Les expéditions d'étain raffiné en provenance d'Indonésie, premier exportateur mondial, ont été gravement perturbées par un retard dans la délivrance de nouvelles licences. Les volumes sortants ont chuté à 10 292 tonnes entre janvier et mai, contre 23 887 tonnes au cours de la période précédente.

Les flux de matières premières provenant des mines d'étain de l'État Wa, au Myanmar, vers les fonderies chinoises ont considérablement ralenti depuis que les autorités ont lancé un audit de grande envergure en août de l'année dernière.

Les importations chinoises en provenance du Myanmar ont chuté de 27 % en glissement annuel depuis le début de l'année 2024, le ralentissement ayant été particulièrement prononcé en avril et en mai,

La combinaison de la réduction des flux de concentrés en provenance du Myanmar et des flux de métaux raffinés en provenance d'Indonésie a contraint les acheteurs à puiser dans les stocks d'échange tant au LME qu'en Chine.

APPUYER SUR LE BOUTON PAUSE

La reprise des métaux de base au cours du deuxième trimestre semble être un faux départ.

Les investisseurs ont dû attendre que la réalité rattrape leurs attentes haussières.

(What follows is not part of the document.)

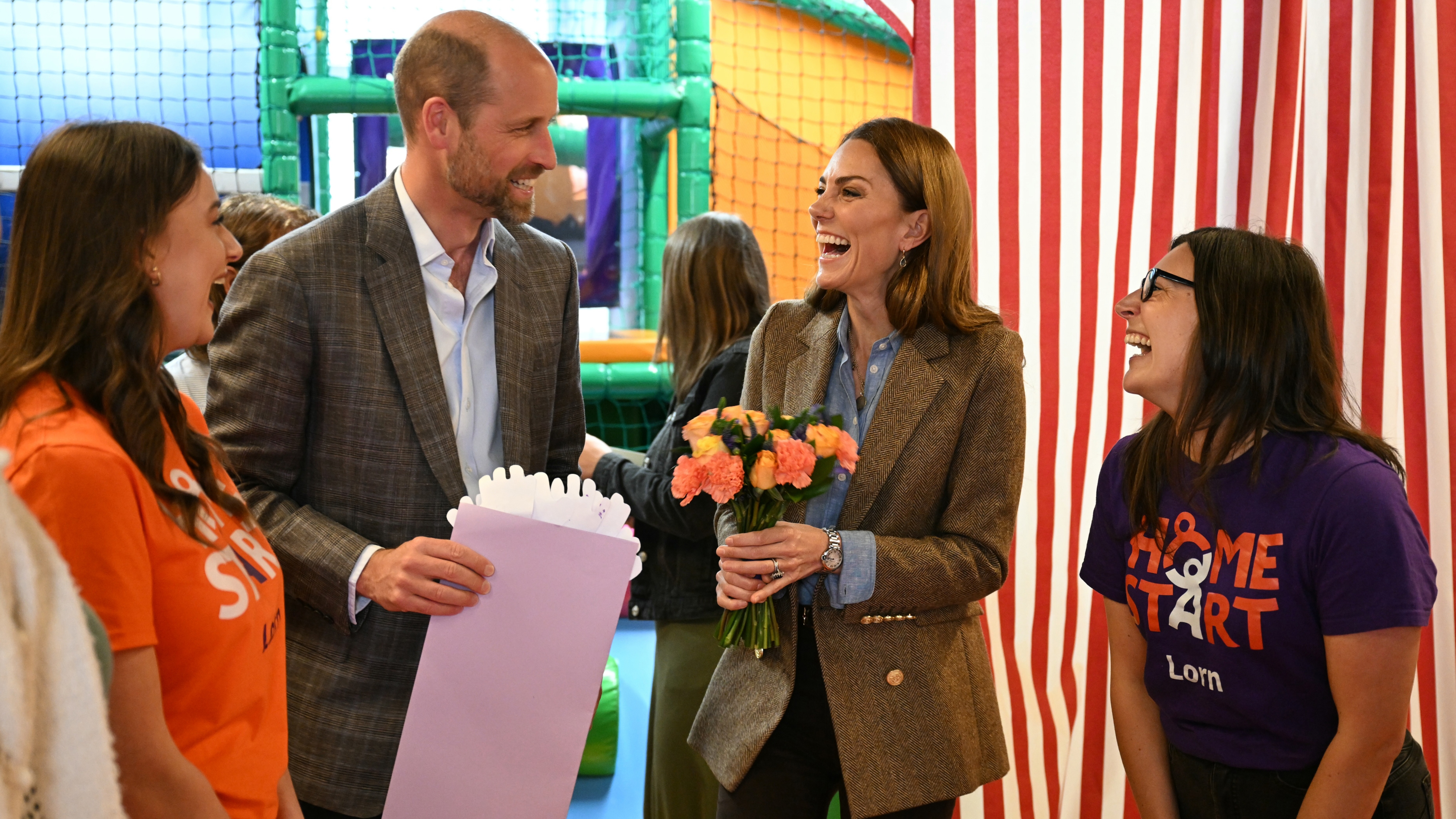 Prince William, Prince of Wales and Catherine, Princess of Wales react during a visit to a soft play area at Aros Hall, a local community hub on April 29, 2025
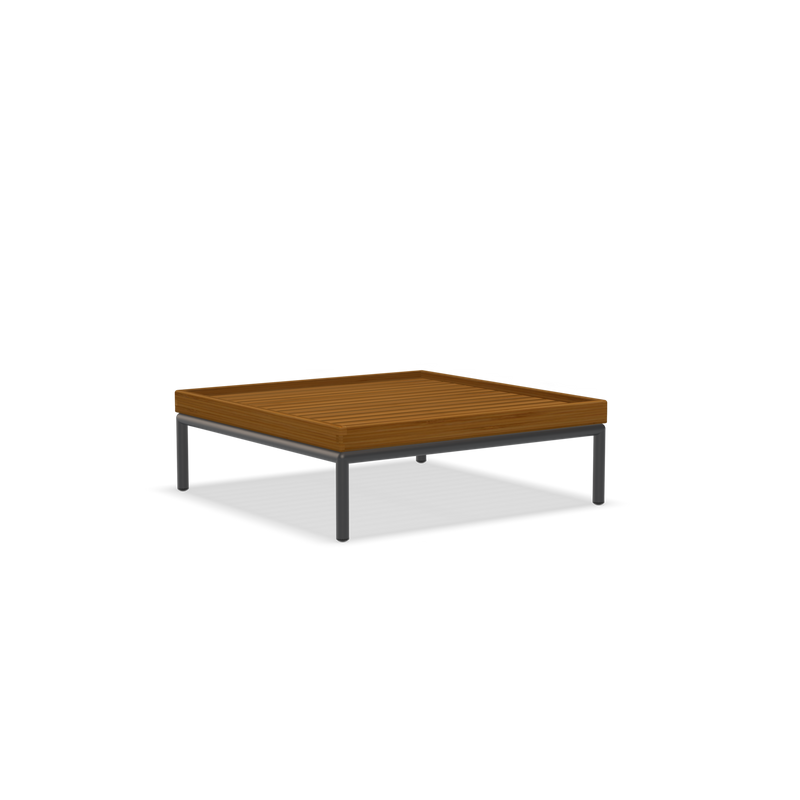 The Level Coffeetable by Houe features a square wooden slatted top and black powder-coated aluminum legs, showcasing a modern, minimalist design.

Si une partie de l'écume spéculative s'est dissipée en juin, de nombreux investisseurs sont restés fidèles à la tendance haussière générale. Le cuivre reste l'élément métallique le plus important, à en juger par l'ambiance qui régnait lors du séminaire du LME en Asie la semaine dernière.

La conclusion pour les haussiers est que leurs arguments sont plus solides lorsqu'il y a des signes tangibles d'une pénurie de métal sous la forme d'une diminution des stocks visibles.

L'étain est le seul marché où les stocks diminuent en réponse à une perturbation de l'offre, ce qui explique pourquoi il a si nettement surpassé le reste du groupe LME au cours de la première partie de l'année 2024.

Les opinions exprimées ici sont celles de l'auteur, chroniqueur pour Reuters.